So here’s what I’m doing.

Buffett is no stranger to market capitulations. At 91 years of age, he’s seen Mr Market swing from optimist to pessimist and back to optimist many times over. And yet he’s managed to become a billionaire in the process. What gives?

Well, one of his best-known rules is to “be greedy when others are fearful“. Right now, I’d say the latter is very much the case. Inflation, rising interest rates, the war in Ukraine — there’s no shortage of things to ruminate over.

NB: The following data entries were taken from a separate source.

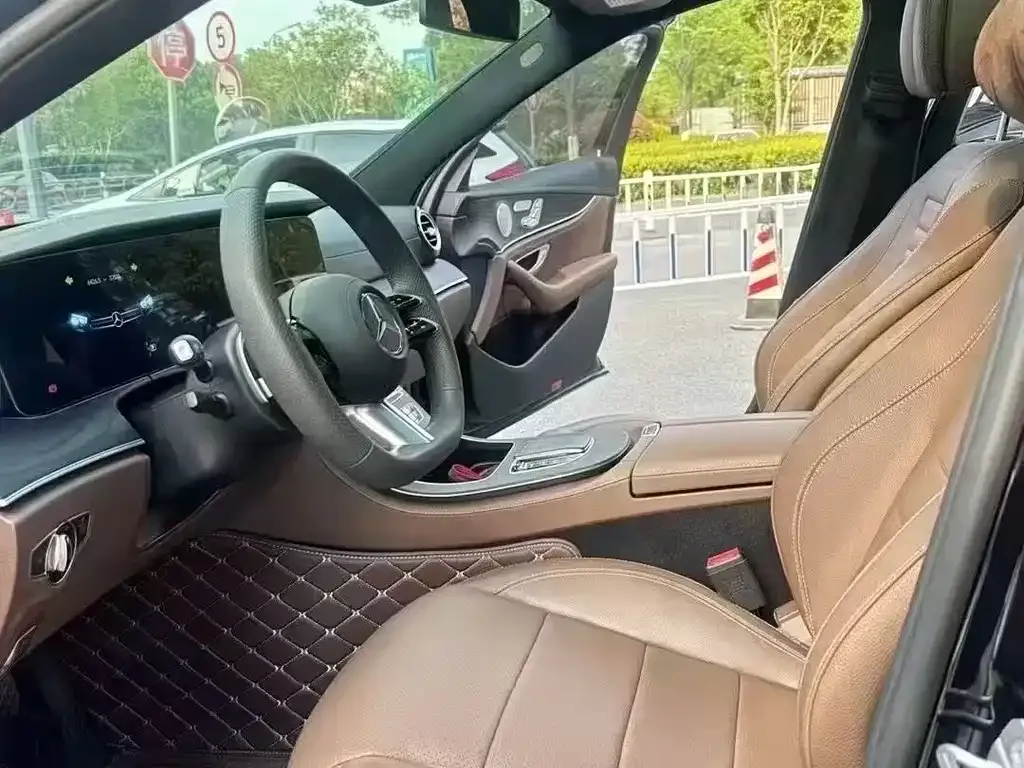 Mercedes-Benz E-Class 2023 из CN, фото 7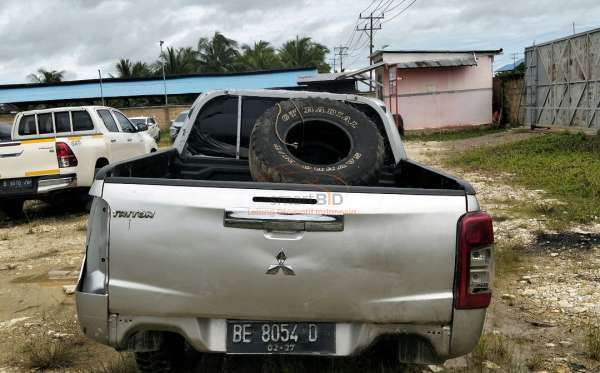 MITSUBISHI DC GLS 4X4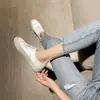 Zapatos blancos de satén españoles que aumentan la altura para mujer 2026 nuevos zapatos casuales cómodos y de moda sin cordones primavera y verano
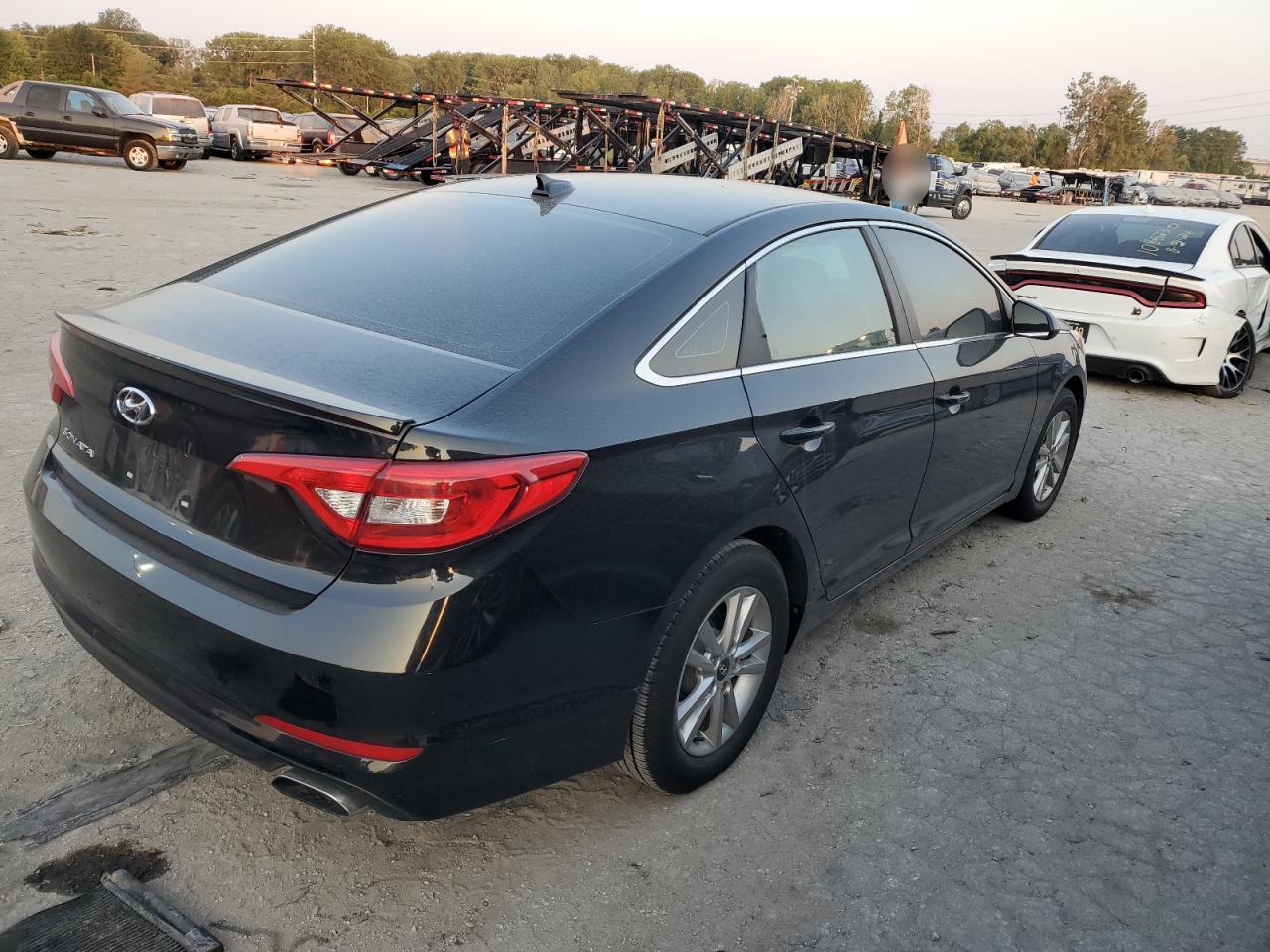 2017 Hyundai Sonata Se VIN: 5NPE24AF5HH550500 Lot: 66125474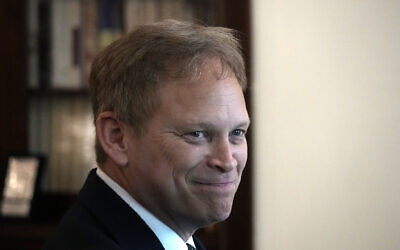 Le secrétaire d'État britannique Grant Shapps pendant une rencontre avec le président chypriote Nikos Christodoulides au palais présidentiel de Nicosie, à Chypre, le 19 janvier 2024. (Crédit : AP Photo/Petros Karadjias)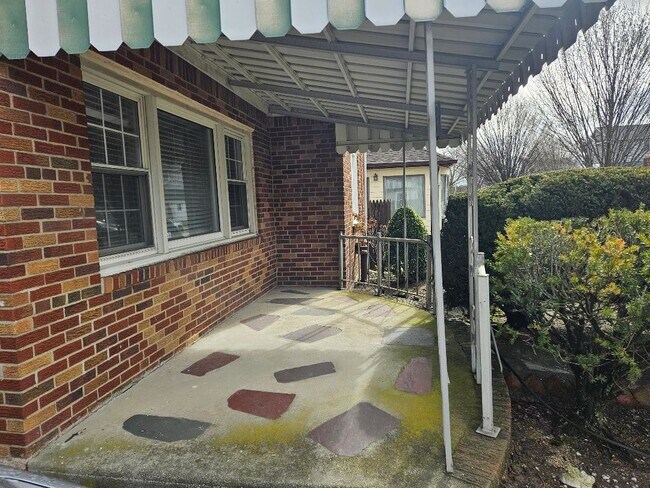 Front Porch - 441 E Pine St Unidad Main Apt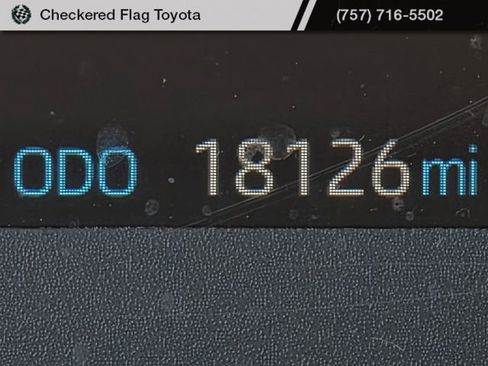 Used 2024 Toyota Corolla LE FWD image 13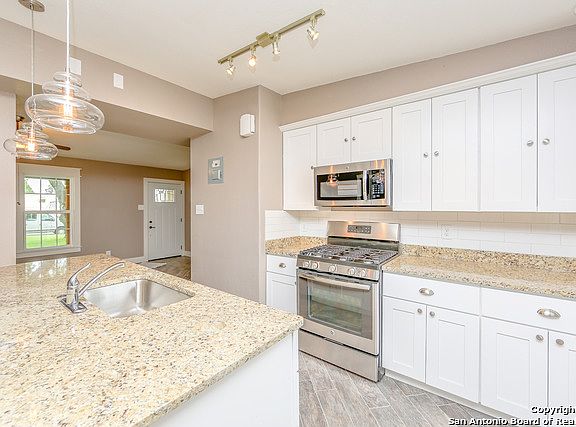 5th image of 238 Sprucewood Ln
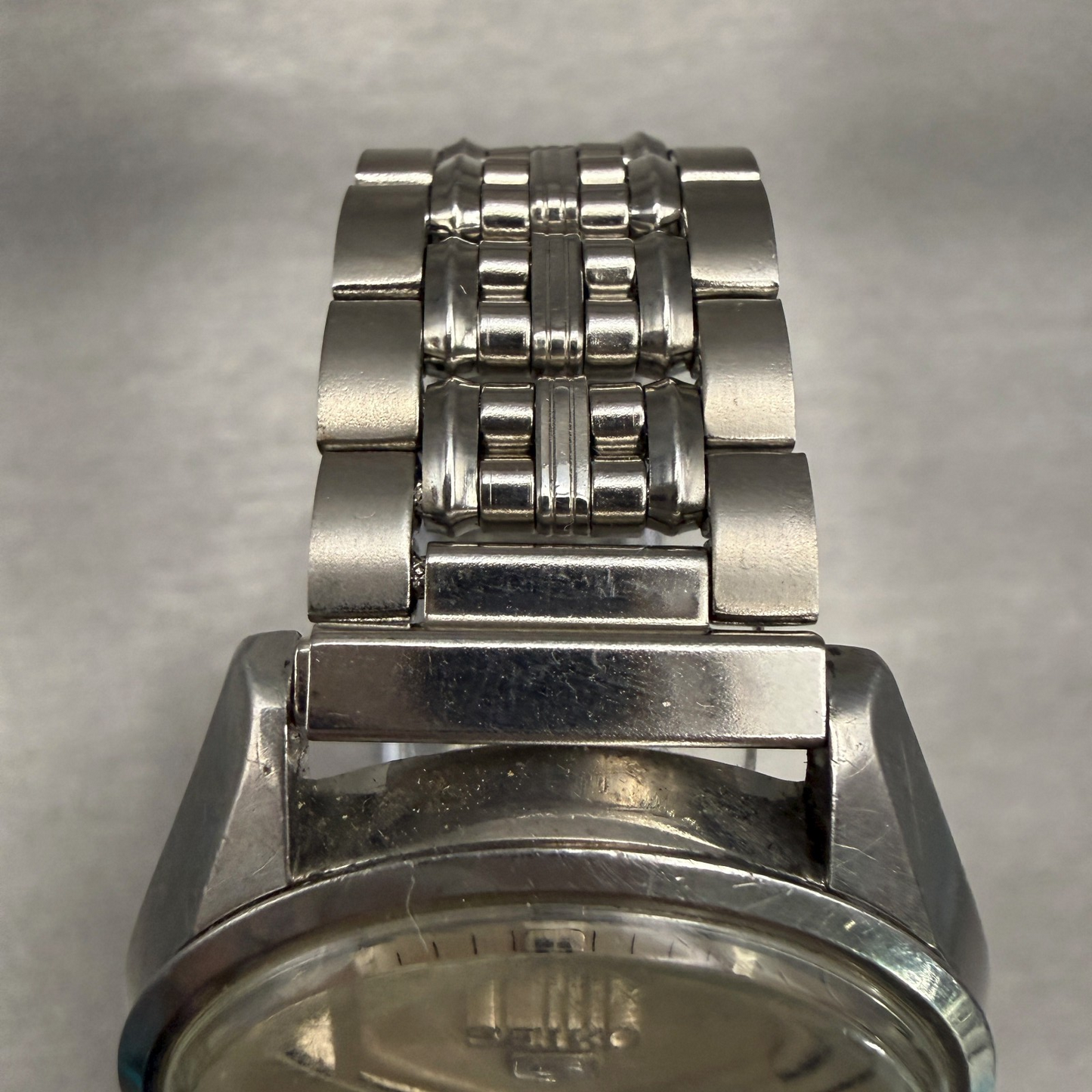 Seiko 5 Watch Men 37mm Silver Dial Silver Tone Daydate Round 5139-8000 Runs4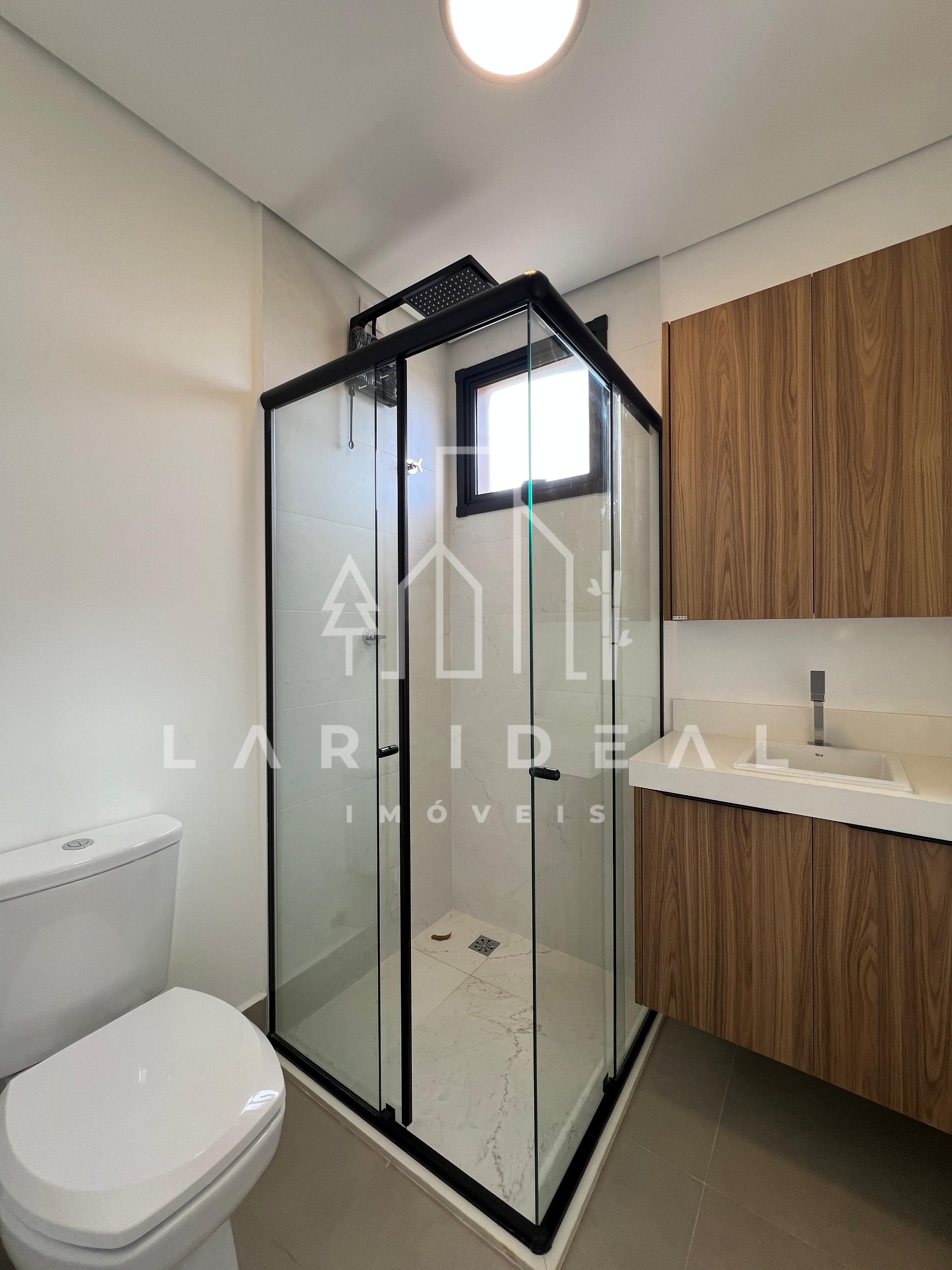Apartamento semimobiliado na av. pedro basso, Edificio Villa Fomm, com 1 suíte e 1 quarto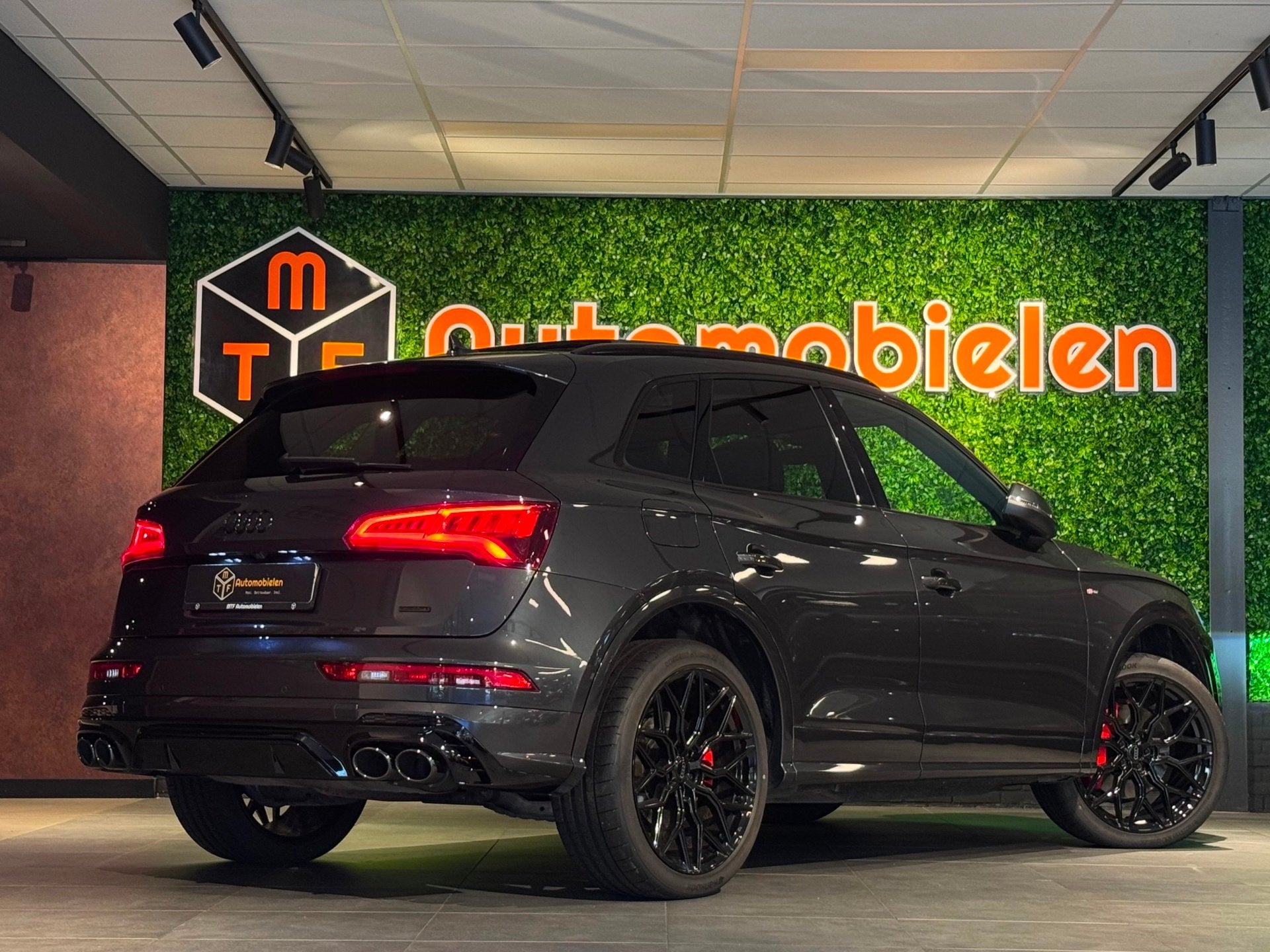 Audi Q5 55 TFSI e QUATTRO 367 PK |PANO|MATRIX|LUCHTVERING|B&, Automaat, 2005 kg, 4 cilinders, Leder en Stof
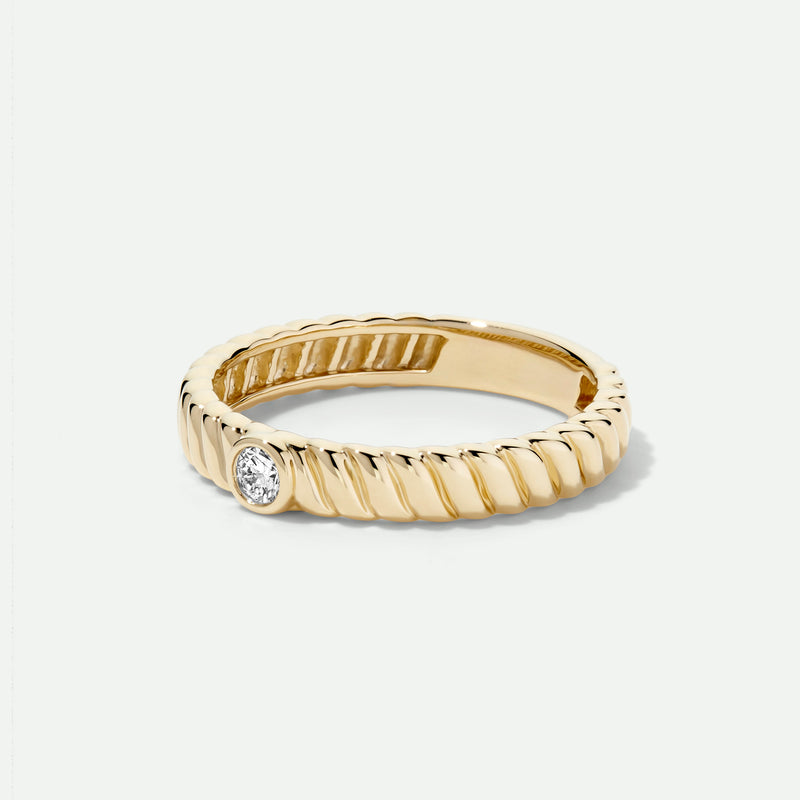 Arianna - 9ct Yellow Gold Lab Grown Diamond Bezel Set Solitaire Band Ring - image 2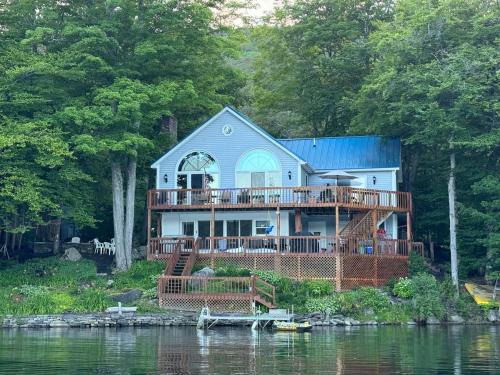 Ludlow Ski Chalet | Four Season Ski, Lake, And Golf Chalet on Lake Rescue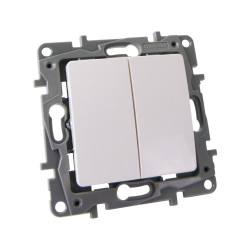 Łącznik świecznikowy podwójny 10A NILOE eco Legrand 764505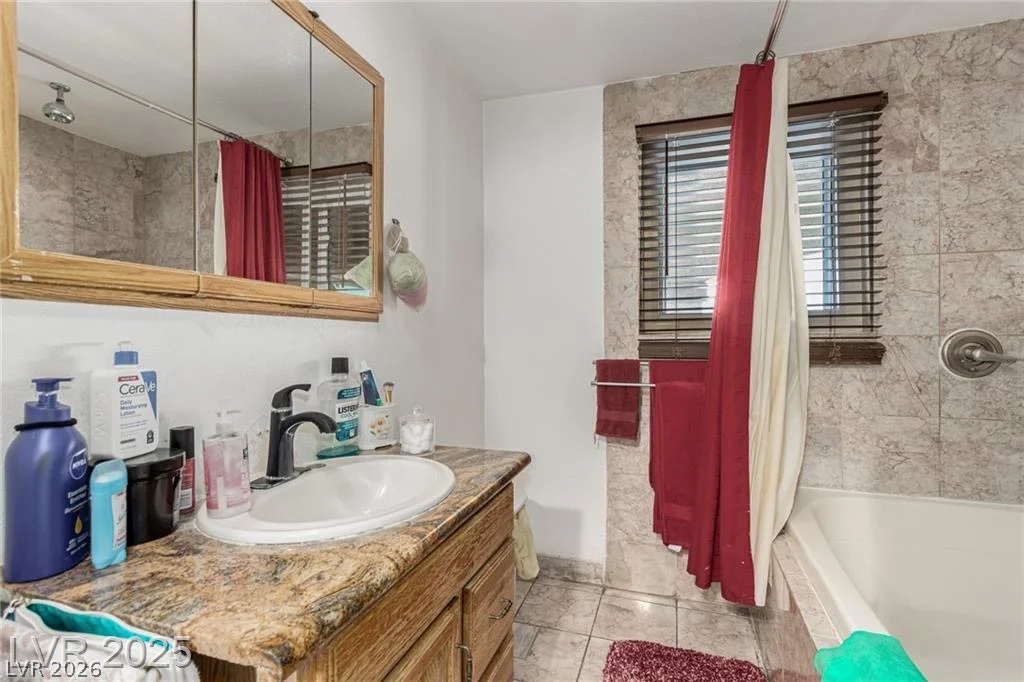 1924 1924 S 6th ST, Las Vegas, NV 89104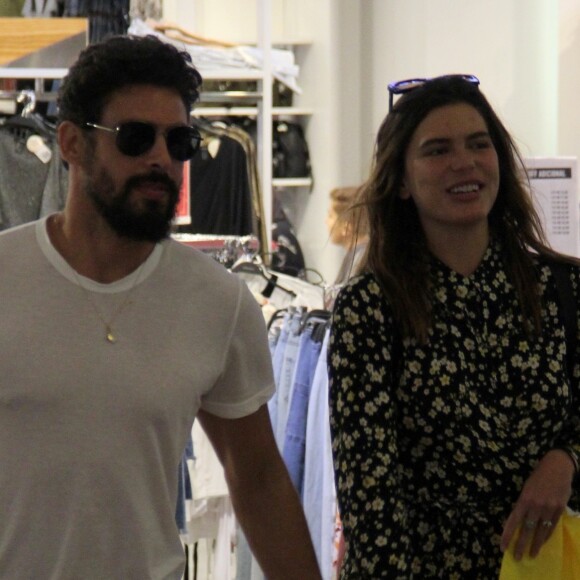 Cauã Reymond e Mariana Goldfarb passam o dia dando banho no cachorro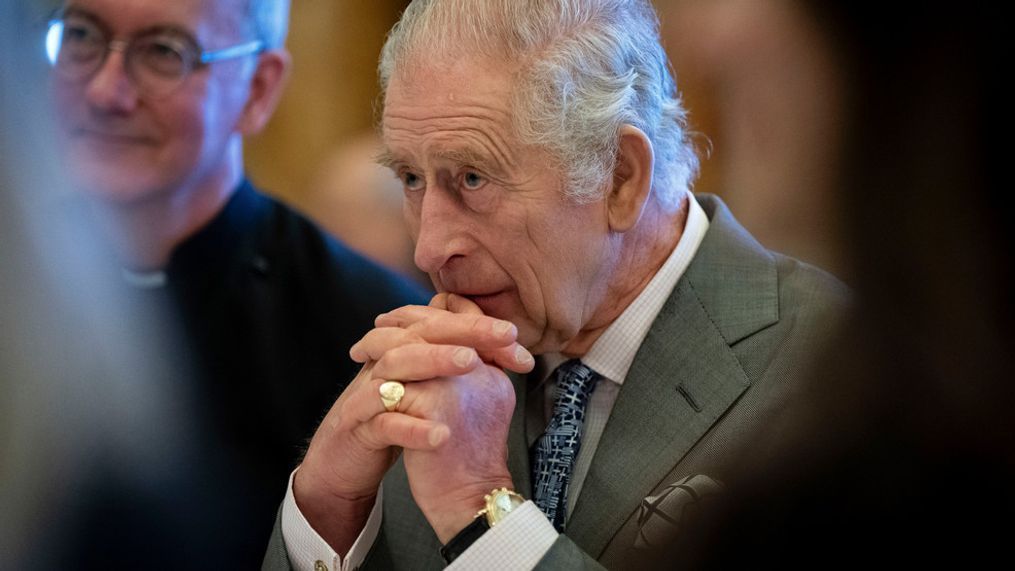 king-charles-briefly-hospitalised-after-suffering-side-effects-from-cancer-treatment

True to his word however, Buffett has been spending billions of dollars in this 2022 market sell-off.  These include sizeable stakes in Citigroup and media giant Paramount Global. He’s also been buying energy companies Chevron and Occidental Petroleum. Video games developer Activision Blizzard and tech giant HP have been on his shopping list too.

I’ve also been buying, adding to my position in battered growth fund Scottish Mortgage Investment Trust in July. It’s down 40% this year. Lovely!

Buying in a market meltdown is all well and good but it’ll mean nothing if I don’t hang on to what I’ve bought long enough to see it bear fruit. Again, I’m taking inspiration from Buffett here: “If you don’t feel comfortable owning a stock for 10 years, you shouldn’t own it for 10 minutes.”

I suspect ’10 years’ was an arbitrary number but this isn’t the point. Ultimately, he is urging people to avoid thinking like traders and concentrate on becoming business owners. That’s not always easy. Round-the-clock news coverage of the global economy risks turning even the most sanguine individual into an impulsive mouse-clicker.

Buffett won’t be swayed. Unless something he owns runs into an issue that will seriously put its ability to make money at risk, he doesn’t do anything. It’s why he’s owned stocks like Coca-Cola for so long (and made a lot of money in the process).

So I feel the worst possible thing I can do at the current time is to crystalise losses in existing positions. The second worse thing I can do is sell what I’ve just bought because it doesn’t head up in value immediately.

Ultimately, no one knows where the markets are going next and trying to time things precisely is a mug’s game. There are simply too many factors that dictate share prices for the human brain to calculate, at least consistently. And that includes Buffett’s brain.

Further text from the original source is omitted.